ÜLKEMİZİN EN TEMEL SORUNU FAY HATLARI DEĞİL YAPI STOKUNUN DEPREME DAYANIKLI OLMAMASIDIR!
Elazığ`da yaşanan 6.8 büyüklüğündeki depremle yeniden sarsıldık. Her şeyi bir kez daha sıcağı sıcağına yaşamış olduk. Bu deprem, ülkemizde insan canının ne kadar ucuz olduğunu tüm açıklığıyla ortaya serdi. Gördüklerimiz ve yaşadıklarımız geçmişte yaşamış olduğumuz depremlerden yeterince ders almadığımızı açıklıkla ortaya koydu.
"Ben karar verdim oldu" anlayışının ortaya çıkardığı acı sonuçları yine yaşıyoruz. Orta büyüklükte bir depremde bile can kayıpları ortaya çıkıyor. Olayın kendisiyle değil sonuçlarıyla uğraşıyoruz. Biliyoruz ki "AFET" bir olayın kendisi değil doğurmuş olduğu sonuçlardır. Elazığ Depremi de sonuçları itibariyle bir afettir. Edindiğimiz bilgilere göre şimdilik 40 yurttaşımız yaşamını yitirdi. 76 bina yıkıldı, 645 bina ağır hasar gördü. Tüm Türkiye`den giden arama kurtarma ekipleri üç gündür göçük altında kalanlara ulaşamadı, binaların enkazları kaldırılamadı.
Kartal`da kendi kendisine yıkılan YEŞİLYURT APARTMANI`NIN enkazı da beş günde kaldırılabilmiştir. İstanbul`un yaşayacağı deprem yıkımında canların kurtarılması, yangınların söndürülmesi, yıkılan yapı enkazlarının kaldırılmasının cevabını ELAZIĞ DEPREMİ ile ortaya çıkmıştır.
Böylesi durumlarda en önemli konu doğru bilgilerin kullanılması ve paylaşılmasıdır.

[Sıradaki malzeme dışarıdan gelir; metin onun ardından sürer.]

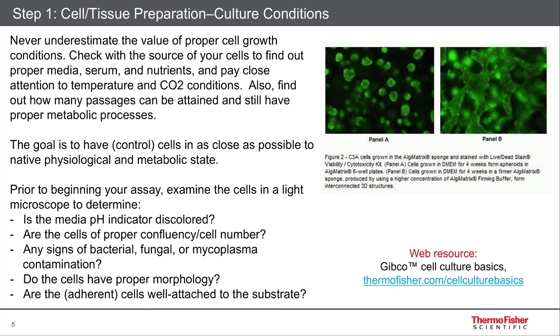Prior to beginning your assay, here is a list of some things to really consider. Examine your cells. Make sure that the pH indicator is not discolored — phenol red is most common and it will have a pinkish color. If the pH starts to go off, you'll see that it turns yellowish. Are the cells of the proper confluency or the proper cell number for your assay? Some assays require that the cells are totally confluent and have contact inhibition going on. Are there any signs of bacteria or fungi? Do you have any strange floaties floating around in your cells to indicate that there might be some contamination?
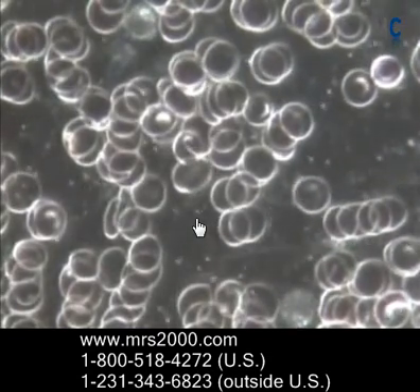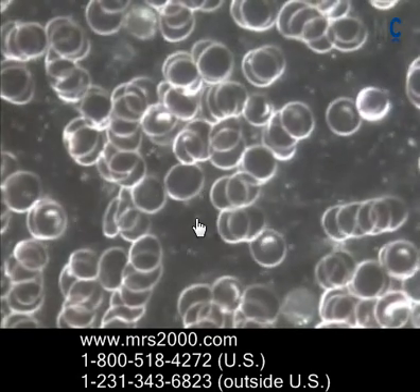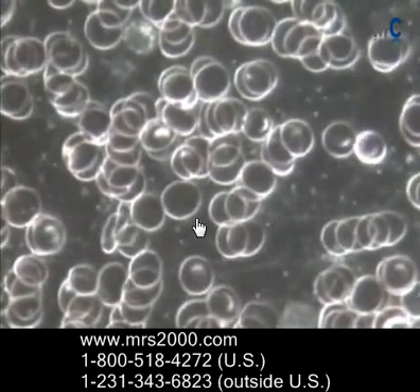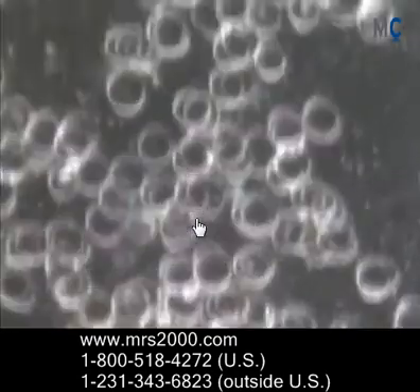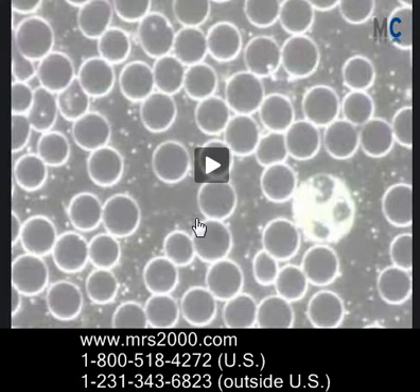Getting back to the slide, after the session you'll notice a very dramatic increase in the separation of the cells, the brightness, and the deformed cells are now spherical again. Also notice the mobility — the cells are more mobile, moving around, they just look healthier and more vibrant — and again it's because of that positive charge. Thanks for watching. I just wanted to share these two examples of before and after with the MRS2000 as further proof of how powerful this technology is.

Ülkemizin toprakları deprem tehlikesi altında olduğu tartışılmayacak kadar açıktır. Buna rağmen durmadan FAY hatlarını gündeme getirerek insanlarımız üzerinde biriken enerjiyi fay hatlarıyla boşaltmak, yapılması gerekenlerin üstünü örterek gerçeklerin öğrenilmesini engellemeye neden oluyor.
‘Neler Oluyor, Neler Yapılmalıdır?` Sorusu son derece önemlidir.
1-Elazığ`da yaşamış olduğumuz 6.8 büyüklüğündeki depremde aynı yerde bulunan bir çok bina ayakta duruyorken bazı binalar neden yıkıldı? Yıkılan binaların altından FAY hatları mı geçiyordu? Yoksa yıkılan binaların kendisinde mi bir sorun vardı? Bu konu üzerinde herkesin düşünmesi gerekir.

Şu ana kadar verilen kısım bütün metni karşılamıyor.